L’anarchiste immodéré
Quant à sa conception de l’anarchie, Dagerman écrit L’Anarchisme et moi, un texte publié en 1946 dans la Revue 40-tal où l’on peut lire : « Tandis qu’en Espagne, entre 1936 et 1939, l’anarchiste était considéré comme si dangereux pour la société qu’il convenait de lui tirer dessus des deux côtés (par les fusils allemands et italiens mais aussi, dans le dos, par les balles russes de ses “alliés” communistes), l’anarchiste suédois est considéré dans certains cercles radicaux, et en particulier marxistes, comme un romantique impénitent, une sorte d’idéaliste de la politique aux complexes libéraux profondément enracinés. » Il considère plus loin que l’écrivain anarchiste est forcément pessimiste « puisqu’il est conscient du fait que sa contribution ne peut être que symbolique », avec pour rôle, celui modeste du ver de terre qui, « sans lui, resterait stérile du fait de la sécheresse des conventions ». Cependant, Dagerman avoue que « ce rôle de politicien de l’impossible, dans un monde où ceux du possible ne sont que trop nombreux, est malgré tout un rôle qui me satisfait à la fois comme être social, comme individu et comme auteur du Serpent ».

Une célébrité qui pousse au néant
En 1950, le divorce est prononcé entre Stig et Annemarie. Il se remarie en 1953 avec l’actrice Anita Björk, une beauté nordique, personnage adulé du Tout-Stockholm et qu’Hollywood sollicite. Contrairement à sa première femme, Anita pourrait se définir comme une « luxueuse bohème ». Dagerman tombe (par amour ?) dans le piège du jeu pathétique du couple célèbre. Tourbillon de mondanités, pour lesquelles il n’était pas armé et qui lui seront fatales. Il se consume doucement dans l’illusion d’un monde désuet peuplé d’acteurs de théâtre et de cinéma.

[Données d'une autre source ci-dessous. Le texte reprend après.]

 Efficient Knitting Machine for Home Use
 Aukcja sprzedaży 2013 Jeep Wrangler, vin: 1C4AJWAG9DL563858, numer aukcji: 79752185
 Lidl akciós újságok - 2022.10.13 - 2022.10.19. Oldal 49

Conscient, il se dit alors « condamné au suicide ». Il fuira cette vie, mais trop tard, son inspiration s’est tarie et les dernières années de sa vie seront celles d’un grand effondrement et d’une extrême solitude. Cependant, jusqu’au bout, il écrit sa chronique dans la revue anarchiste Arbetaren. En 1952, il publie un texte testamentaire – qui paraît décalé – dans la revue féminine Husmodern : « Mon talent me rend esclave au point de ne pas oser l’employer, de peur de l’avoir perdu. Avec une joie amère, je désire voir mes maisons tomber en ruine et me voir moi-même enseveli sous la neige de l’oubli. Mais la dépression est une poupée russe et, dans la dernière poupée, se trouvent un couteau, une lame de rasoir, un poison, une eau profonde et un saut dans un grand trou. Je finis par devenir l’esclave de tous ces instruments de mort. Ils me suivent comme des chiens, à moins que le chien, ce ne soit moi. Et il me semble comprendre que le suicide est la seule preuve de la liberté humaine. »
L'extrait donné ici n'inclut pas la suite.